А как же Гончаров, Тургенев, Салтыков-Щедрин, Лесков? Куда мы отнесем Глюка, Генделя, Перголези? Гении они или пророки? Прислушаемся к себе — чувство говорит: "Нет, ни те, ни другие". Но выжили же они, и уважаемы, и цитируемы, и исполняемы в концертах. При упоминании их имен чаще всего говорят: "Наши классики". Вот и слово найдено —классик. Классик уважаем, но не любим; классик — величина, авторитет, но не пример, не путеводная звезда. В классике сходятся все лучшие образцы традиции, любовно собираемые и почитаемые им. Классик, как пушкинский Сальери, хорошо знает, что Данте и Рафаэль — гениальны, поэтому их нельзя не только пародировать, но даже всуе поминать. Сознание классика иерархично: гении в нем занимают места начальников, а ученики — подчиненных. Лучшее (понятное и проверенное временем) собирается и процеживается; худшее (т. е. непонятное классику) выбрасывается из обихода и запрещается ученикам. Классик напоминает огромную консервную банку, доверху наполненную разной невкусной, но полезной снедью. Попробовать из нее не грех, но объедаться консервами не захочешь. Вот и живут классики среди гениев и пророков скудной посмертной судьбой, не вызывая в человеке ни радости, ни печали: цензор Гончаров, канцлер Державин, губернатор Салтыков-Щедрин, кавалер Глюк… Они очень любили быть в чинах, с орденскими лентами, окружены трепетными подчиненными и благоговеющими учениками, заменявшими им восторженных поклонников и добрых друзей. Классики — на грани между политиками и творцами.

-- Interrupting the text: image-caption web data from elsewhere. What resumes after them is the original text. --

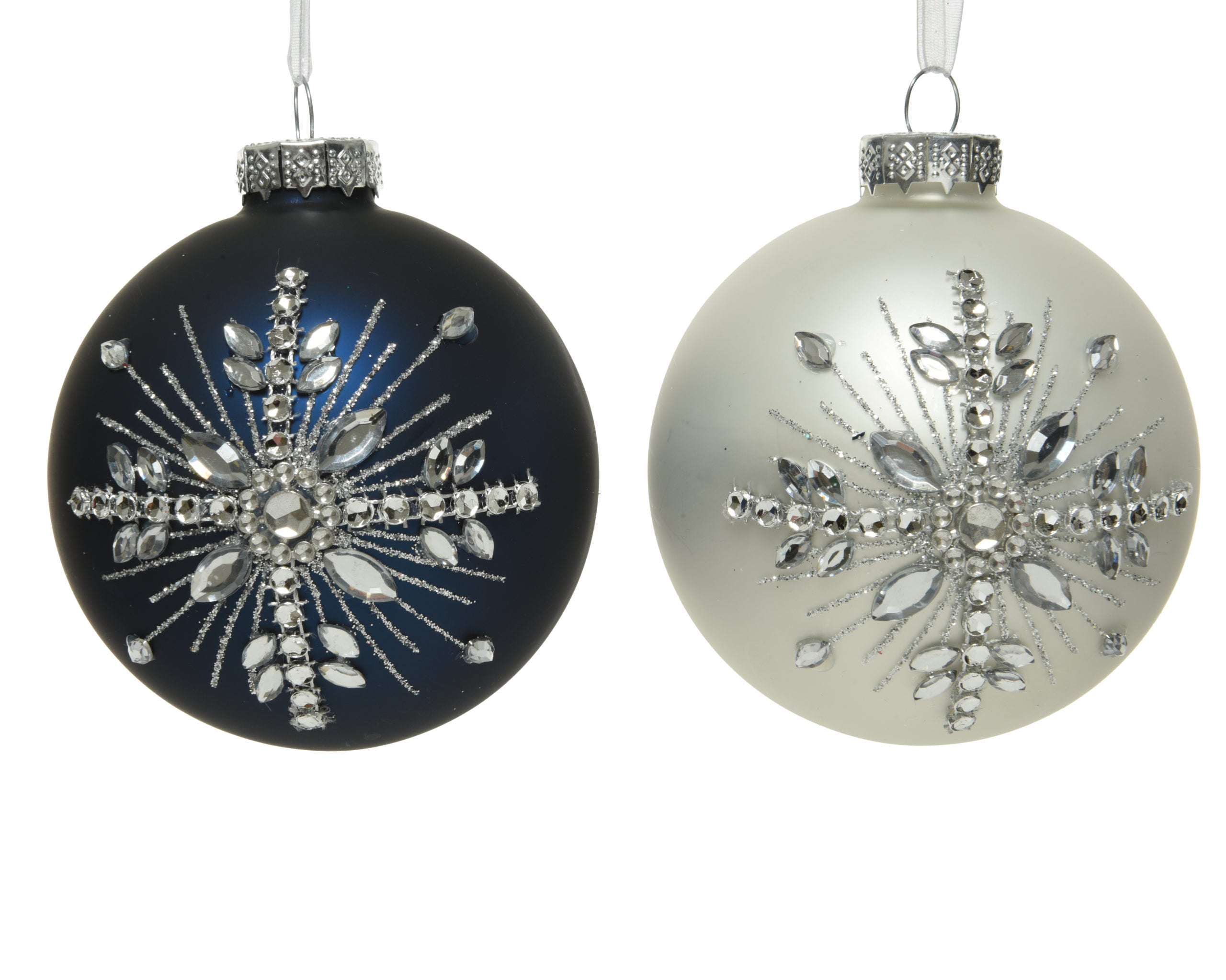 Palla di Natale con decoro argento diametro 8 cm per addobbi natalizi - DeMatteis.it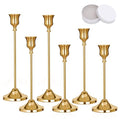 Candlestick Holders, 6 PCS Brass Gold Metal Taper Candle Holder with Adhesive Wax fits 3/4 Inch Long Candles, Vintage Modern Candle Holders for Table Mantel Wedding Housewarming Gift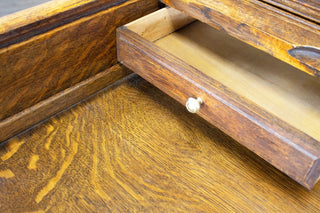 Edwardian Solid Oak Roll Top Desk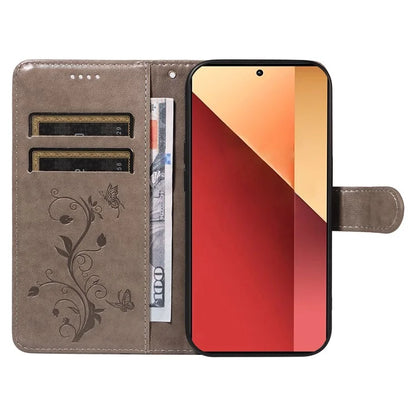 For Xiaomi Redmi Note 13 Pro 4G / Poco M6 Pro 4G Case Butterfly Flower Pattern Wallet Style Phone Cover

Кроме перечисленных, есть и еще одна группа бессмертных, может быть, самая странная и трудно определимая. В литературе есть, например, Дюма — не гений, не пророк, и даже не классик. В музыке есть Вивальди, имеющий точно такой же статус. Ничего они не открыли, не очень много и поняли, — но попробуй проживи без них! Назовем бессмертных этого последнего типа "спутники человечества". Их будут читать и слушать во все эпохи просто по причине жизненной необходимости, запрятанной где-то очень глубоко в человеке.
Если возможна какая-нибудь иерархия перешедших реку Времени, то на низшей ее ступени стоят безрассудные политики, а за ними идут безвкусные, но полезные классики. Дальше лестницы нет, поскольку гении, пророки и спутники находятся уже за гранью общественного мнения. Сравнить их можно только с радугой, перекидывающей мосты через поколения и пространства.